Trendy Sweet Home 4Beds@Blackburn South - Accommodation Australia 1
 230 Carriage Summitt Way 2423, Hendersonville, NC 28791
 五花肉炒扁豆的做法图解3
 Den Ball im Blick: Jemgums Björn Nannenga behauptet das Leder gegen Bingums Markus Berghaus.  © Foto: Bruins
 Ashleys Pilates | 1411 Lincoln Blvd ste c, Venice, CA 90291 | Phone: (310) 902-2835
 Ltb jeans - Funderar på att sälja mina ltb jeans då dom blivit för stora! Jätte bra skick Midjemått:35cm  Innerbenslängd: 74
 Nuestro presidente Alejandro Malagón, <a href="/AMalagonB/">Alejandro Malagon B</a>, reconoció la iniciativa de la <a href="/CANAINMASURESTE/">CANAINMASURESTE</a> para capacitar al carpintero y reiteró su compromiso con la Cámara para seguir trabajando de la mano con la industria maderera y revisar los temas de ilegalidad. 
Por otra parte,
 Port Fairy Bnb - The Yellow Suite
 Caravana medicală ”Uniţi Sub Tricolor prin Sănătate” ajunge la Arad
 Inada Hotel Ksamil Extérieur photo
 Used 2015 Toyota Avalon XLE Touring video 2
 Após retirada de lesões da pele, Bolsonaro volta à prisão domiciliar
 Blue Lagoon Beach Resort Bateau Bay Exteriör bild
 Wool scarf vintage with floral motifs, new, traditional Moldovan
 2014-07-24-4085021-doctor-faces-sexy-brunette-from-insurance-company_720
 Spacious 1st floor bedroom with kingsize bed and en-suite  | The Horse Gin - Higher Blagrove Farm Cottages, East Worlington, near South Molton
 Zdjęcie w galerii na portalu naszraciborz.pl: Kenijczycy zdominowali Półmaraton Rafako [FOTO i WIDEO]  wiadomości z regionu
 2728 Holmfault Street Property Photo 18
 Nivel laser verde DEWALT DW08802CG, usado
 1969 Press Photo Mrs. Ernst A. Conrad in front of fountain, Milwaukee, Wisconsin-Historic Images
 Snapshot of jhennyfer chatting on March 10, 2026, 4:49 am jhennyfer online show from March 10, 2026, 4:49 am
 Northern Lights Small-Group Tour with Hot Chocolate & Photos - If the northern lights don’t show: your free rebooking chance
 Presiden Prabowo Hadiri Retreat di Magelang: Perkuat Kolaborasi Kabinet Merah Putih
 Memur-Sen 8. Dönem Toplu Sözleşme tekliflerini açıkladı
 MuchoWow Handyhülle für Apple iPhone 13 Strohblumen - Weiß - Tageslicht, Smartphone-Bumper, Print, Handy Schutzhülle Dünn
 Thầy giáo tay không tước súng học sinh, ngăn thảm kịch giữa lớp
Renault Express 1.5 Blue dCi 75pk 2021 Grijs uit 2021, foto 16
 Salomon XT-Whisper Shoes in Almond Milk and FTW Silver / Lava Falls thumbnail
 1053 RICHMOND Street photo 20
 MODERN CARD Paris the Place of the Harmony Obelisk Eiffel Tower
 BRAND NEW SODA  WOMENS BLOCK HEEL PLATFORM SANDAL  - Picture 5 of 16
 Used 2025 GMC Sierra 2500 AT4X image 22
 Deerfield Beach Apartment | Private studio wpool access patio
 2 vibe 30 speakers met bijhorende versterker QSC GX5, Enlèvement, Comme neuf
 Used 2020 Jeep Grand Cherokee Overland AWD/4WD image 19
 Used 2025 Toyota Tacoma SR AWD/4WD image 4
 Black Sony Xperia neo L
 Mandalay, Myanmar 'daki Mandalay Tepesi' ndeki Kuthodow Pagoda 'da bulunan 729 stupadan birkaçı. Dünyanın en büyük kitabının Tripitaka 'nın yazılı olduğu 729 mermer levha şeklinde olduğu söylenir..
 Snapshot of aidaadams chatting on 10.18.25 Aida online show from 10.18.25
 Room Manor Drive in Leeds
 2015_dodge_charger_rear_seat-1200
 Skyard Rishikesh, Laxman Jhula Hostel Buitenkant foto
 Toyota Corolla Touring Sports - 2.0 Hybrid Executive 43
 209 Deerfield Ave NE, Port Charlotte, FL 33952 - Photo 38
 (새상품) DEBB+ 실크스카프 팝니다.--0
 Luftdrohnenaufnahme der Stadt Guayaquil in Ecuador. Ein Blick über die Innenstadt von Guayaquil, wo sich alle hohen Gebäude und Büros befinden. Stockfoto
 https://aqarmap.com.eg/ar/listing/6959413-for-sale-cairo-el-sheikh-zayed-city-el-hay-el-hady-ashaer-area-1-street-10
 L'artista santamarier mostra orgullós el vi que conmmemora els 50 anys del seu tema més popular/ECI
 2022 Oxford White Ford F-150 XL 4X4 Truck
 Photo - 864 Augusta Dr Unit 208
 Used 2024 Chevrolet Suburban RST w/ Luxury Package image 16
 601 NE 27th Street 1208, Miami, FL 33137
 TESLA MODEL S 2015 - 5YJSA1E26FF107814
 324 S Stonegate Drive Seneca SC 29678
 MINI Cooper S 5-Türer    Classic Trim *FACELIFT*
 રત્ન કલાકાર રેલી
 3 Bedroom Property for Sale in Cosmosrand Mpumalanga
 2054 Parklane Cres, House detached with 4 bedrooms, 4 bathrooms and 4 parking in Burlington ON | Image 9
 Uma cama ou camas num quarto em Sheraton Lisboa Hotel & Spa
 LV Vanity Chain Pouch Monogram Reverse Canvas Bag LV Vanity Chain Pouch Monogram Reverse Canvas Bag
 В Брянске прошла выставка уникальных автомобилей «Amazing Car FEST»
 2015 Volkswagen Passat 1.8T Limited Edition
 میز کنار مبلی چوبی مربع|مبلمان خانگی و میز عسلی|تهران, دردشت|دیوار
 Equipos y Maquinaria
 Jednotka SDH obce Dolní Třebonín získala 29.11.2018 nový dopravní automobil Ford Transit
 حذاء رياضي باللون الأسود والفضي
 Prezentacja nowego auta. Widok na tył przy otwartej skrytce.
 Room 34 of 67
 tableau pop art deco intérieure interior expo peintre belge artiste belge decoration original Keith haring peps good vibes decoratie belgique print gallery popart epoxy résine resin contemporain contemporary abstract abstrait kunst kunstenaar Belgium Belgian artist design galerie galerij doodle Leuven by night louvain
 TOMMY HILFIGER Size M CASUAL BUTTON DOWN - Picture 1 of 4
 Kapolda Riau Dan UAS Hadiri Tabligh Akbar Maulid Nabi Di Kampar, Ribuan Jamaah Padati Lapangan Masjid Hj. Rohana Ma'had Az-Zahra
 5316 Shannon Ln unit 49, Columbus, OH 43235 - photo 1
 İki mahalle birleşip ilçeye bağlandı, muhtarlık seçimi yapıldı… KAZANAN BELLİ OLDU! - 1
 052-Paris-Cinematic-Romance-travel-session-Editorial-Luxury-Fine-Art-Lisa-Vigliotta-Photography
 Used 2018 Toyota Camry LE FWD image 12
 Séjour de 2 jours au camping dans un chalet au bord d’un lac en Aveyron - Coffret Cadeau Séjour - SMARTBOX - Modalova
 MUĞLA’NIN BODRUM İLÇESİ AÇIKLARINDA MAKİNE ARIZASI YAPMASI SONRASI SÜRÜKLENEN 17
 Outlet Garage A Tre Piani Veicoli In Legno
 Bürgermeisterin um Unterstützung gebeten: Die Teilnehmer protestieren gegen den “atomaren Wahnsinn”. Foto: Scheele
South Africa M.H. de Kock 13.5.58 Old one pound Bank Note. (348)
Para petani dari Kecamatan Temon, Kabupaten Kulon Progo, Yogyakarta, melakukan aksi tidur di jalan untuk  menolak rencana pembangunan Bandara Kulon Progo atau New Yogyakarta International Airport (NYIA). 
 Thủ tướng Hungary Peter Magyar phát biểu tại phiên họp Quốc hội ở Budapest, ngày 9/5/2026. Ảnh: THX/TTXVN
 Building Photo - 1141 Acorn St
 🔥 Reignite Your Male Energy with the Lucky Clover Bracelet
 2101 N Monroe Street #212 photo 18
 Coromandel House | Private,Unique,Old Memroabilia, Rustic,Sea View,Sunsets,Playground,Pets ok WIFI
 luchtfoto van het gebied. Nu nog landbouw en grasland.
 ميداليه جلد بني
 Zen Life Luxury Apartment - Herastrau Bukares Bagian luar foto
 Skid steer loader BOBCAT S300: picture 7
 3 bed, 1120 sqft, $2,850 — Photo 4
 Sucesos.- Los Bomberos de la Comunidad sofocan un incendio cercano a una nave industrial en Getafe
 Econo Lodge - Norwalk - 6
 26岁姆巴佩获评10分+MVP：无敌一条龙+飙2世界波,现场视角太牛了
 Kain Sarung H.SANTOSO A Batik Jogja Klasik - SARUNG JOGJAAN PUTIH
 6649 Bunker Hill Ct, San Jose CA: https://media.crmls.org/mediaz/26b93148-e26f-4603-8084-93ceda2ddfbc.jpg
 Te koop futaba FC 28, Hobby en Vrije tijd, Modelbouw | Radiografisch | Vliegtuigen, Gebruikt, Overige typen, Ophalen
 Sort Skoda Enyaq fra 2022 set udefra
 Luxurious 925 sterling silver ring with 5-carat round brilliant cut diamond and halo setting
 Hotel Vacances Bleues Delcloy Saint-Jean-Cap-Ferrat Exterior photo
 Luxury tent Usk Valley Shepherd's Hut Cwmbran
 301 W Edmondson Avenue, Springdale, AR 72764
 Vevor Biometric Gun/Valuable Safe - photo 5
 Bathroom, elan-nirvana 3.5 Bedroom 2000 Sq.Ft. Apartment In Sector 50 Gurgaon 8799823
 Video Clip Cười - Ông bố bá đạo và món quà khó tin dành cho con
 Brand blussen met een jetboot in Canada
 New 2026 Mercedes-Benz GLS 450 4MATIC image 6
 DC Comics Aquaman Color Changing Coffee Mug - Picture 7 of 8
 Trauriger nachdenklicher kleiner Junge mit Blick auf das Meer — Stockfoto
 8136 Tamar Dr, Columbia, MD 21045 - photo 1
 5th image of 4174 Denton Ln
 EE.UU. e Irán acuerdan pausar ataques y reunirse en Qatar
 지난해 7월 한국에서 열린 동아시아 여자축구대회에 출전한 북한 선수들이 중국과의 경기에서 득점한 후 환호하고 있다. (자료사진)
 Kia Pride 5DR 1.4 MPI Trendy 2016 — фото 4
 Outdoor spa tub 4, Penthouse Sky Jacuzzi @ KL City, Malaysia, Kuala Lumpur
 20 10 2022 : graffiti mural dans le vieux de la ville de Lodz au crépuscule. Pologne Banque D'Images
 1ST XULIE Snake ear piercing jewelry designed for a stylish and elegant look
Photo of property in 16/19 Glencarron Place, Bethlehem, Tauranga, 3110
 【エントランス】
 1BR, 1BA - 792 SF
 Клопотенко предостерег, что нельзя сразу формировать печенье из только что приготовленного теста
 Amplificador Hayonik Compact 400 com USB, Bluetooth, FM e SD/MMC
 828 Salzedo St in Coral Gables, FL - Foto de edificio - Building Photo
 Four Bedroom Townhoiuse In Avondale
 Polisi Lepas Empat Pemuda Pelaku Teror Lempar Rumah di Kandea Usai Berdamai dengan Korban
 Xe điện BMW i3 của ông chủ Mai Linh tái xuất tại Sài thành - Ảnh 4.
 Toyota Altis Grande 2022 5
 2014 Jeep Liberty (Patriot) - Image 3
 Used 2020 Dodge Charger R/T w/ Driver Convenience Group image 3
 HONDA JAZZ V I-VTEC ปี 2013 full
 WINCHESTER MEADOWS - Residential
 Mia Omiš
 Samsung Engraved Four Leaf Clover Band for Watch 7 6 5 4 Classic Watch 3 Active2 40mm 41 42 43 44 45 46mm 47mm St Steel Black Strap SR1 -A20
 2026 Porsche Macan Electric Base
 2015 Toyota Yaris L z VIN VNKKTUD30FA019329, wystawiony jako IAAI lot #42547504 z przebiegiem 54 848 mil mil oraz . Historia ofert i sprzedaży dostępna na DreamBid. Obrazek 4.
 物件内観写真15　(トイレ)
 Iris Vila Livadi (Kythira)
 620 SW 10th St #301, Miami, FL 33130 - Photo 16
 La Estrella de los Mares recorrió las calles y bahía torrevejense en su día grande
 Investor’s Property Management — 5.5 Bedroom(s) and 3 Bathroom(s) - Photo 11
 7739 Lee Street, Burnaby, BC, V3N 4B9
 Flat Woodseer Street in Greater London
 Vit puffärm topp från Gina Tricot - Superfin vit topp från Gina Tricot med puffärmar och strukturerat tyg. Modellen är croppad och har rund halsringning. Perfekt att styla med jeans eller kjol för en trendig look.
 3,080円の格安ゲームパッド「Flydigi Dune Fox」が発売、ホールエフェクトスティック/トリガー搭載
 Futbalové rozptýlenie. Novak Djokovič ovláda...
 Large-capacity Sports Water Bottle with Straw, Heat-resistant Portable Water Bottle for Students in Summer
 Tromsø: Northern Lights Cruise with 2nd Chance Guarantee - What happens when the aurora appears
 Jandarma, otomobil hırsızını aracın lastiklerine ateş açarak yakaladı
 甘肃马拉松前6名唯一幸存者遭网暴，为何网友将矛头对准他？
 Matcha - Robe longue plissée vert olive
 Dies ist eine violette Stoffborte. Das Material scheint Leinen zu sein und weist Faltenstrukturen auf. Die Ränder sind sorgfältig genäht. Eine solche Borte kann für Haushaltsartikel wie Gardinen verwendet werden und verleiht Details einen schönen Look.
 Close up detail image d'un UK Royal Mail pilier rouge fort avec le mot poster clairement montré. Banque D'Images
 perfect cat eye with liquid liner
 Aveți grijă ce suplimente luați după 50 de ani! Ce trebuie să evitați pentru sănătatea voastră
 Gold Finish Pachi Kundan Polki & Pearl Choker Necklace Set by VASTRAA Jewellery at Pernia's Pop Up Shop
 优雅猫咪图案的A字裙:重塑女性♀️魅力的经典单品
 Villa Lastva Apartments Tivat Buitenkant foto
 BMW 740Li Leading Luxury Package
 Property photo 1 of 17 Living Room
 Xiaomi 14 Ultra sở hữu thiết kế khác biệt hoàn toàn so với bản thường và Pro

_Exercise prompt_
Your task for the entries above: copy exactly the span starting with the line with "Port Fairy Bnb - The Yellow Suite" and going on through the line with "Deerfield Beach Apartment", both lines included, and nothing else.

_Result of the exercise_
 Port Fairy Bnb - The Yellow Suite
 Caravana medicală ”Uniţi Sub Tricolor prin Sănătate” ajunge la Arad
 Inada Hotel Ksamil Extérieur photo
 Used 2015 Toyota Avalon XLE Touring video 2
 Após retirada de lesões da pele, Bolsonaro volta à prisão domiciliar
 Blue Lagoon Beach Resort Bateau Bay Exteriör bild
 Wool scarf vintage with floral motifs, new, traditional Moldovan
 2014-07-24-4085021-doctor-faces-sexy-brunette-from-insurance-company_720
 Spacious 1st floor bedroom with kingsize bed and en-suite  | The Horse Gin - Higher Blagrove Farm Cottages, East Worlington, near South Molton
 Zdjęcie w galerii na portalu naszraciborz.pl: Kenijczycy zdominowali Półmaraton Rafako [FOTO i WIDEO]  wiadomości z regionu
 2728 Holmfault Street Property Photo 18
 Nivel laser verde DEWALT DW08802CG, usado
 1969 Press Photo Mrs. Ernst A. Conrad in front of fountain, Milwaukee, Wisconsin-Historic Images
 Snapshot of jhennyfer chatting on March 10, 2026, 4:49 am jhennyfer online show from March 10, 2026, 4:49 am
 Northern Lights Small-Group Tour with Hot Chocolate & Photos - If the northern lights don’t show: your free rebooking chance
 Presiden Prabowo Hadiri Retreat di Magelang: Perkuat Kolaborasi Kabinet Merah Putih
 Memur-Sen 8. Dönem Toplu Sözleşme tekliflerini açıkladı
 MuchoWow Handyhülle für Apple iPhone 13 Strohblumen - Weiß - Tageslicht, Smartphone-Bumper, Print, Handy Schutzhülle Dünn
 Thầy giáo tay không tước súng học sinh, ngăn thảm kịch giữa lớp
Renault Express 1.5 Blue dCi 75pk 2021 Grijs uit 2021, foto 16
 Salomon XT-Whisper Shoes in Almond Milk and FTW Silver / Lava Falls thumbnail
 1053 RICHMOND Street photo 20
 MODERN CARD Paris the Place of the Harmony Obelisk Eiffel Tower
 BRAND NEW SODA  WOMENS BLOCK HEEL PLATFORM SANDAL  - Picture 5 of 16
 Used 2025 GMC Sierra 2500 AT4X image 22
 Deerfield Beach Apartment | Private studio wpool access patio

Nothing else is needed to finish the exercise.